DATASET EXCERPT START

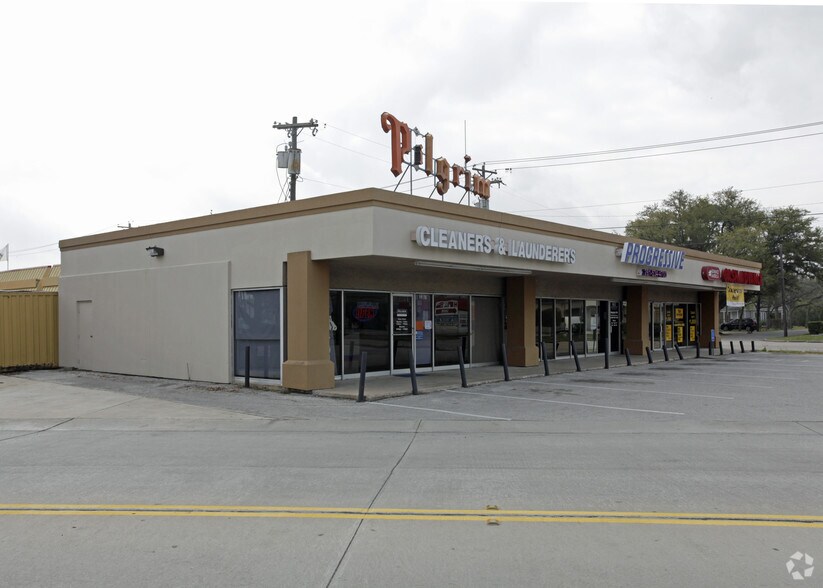 2301-2309 Main St, Dickinson, TX à louer - Photo de l’immeuble – Image 1 sur 2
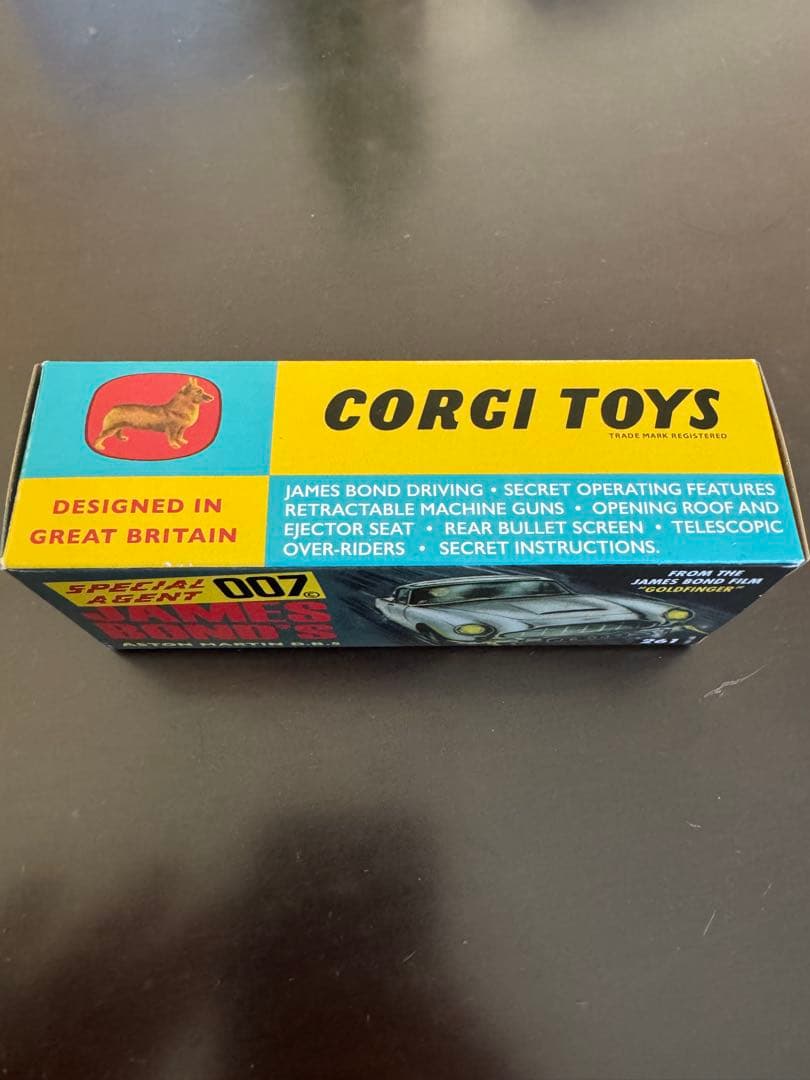 コーギー 1/43 007 ジェームズボンド アストンマーチン DB5
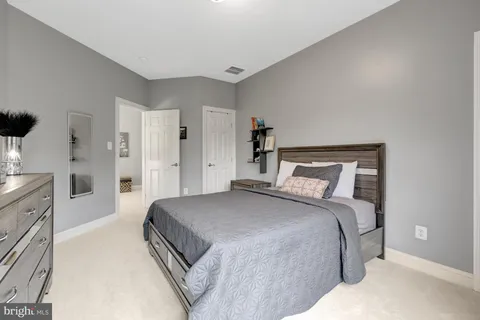 $2,700,000 | 401 Walker Road, Great Falls, VA 22066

DATASET EXCERPT END

**GOAL OF THE EXERCISE**
Pictures excluded, copy exactly the lines running from the one with "コーギー 1/43 007 ジェームズボンド アストンマーチン DB5" through the last line of the material.

**SOLUTION**
 コーギー 1/43 007 ジェームズボンド アストンマーチン DB5
 $2,700,000 | 401 Walker Road, Great Falls, VA 22066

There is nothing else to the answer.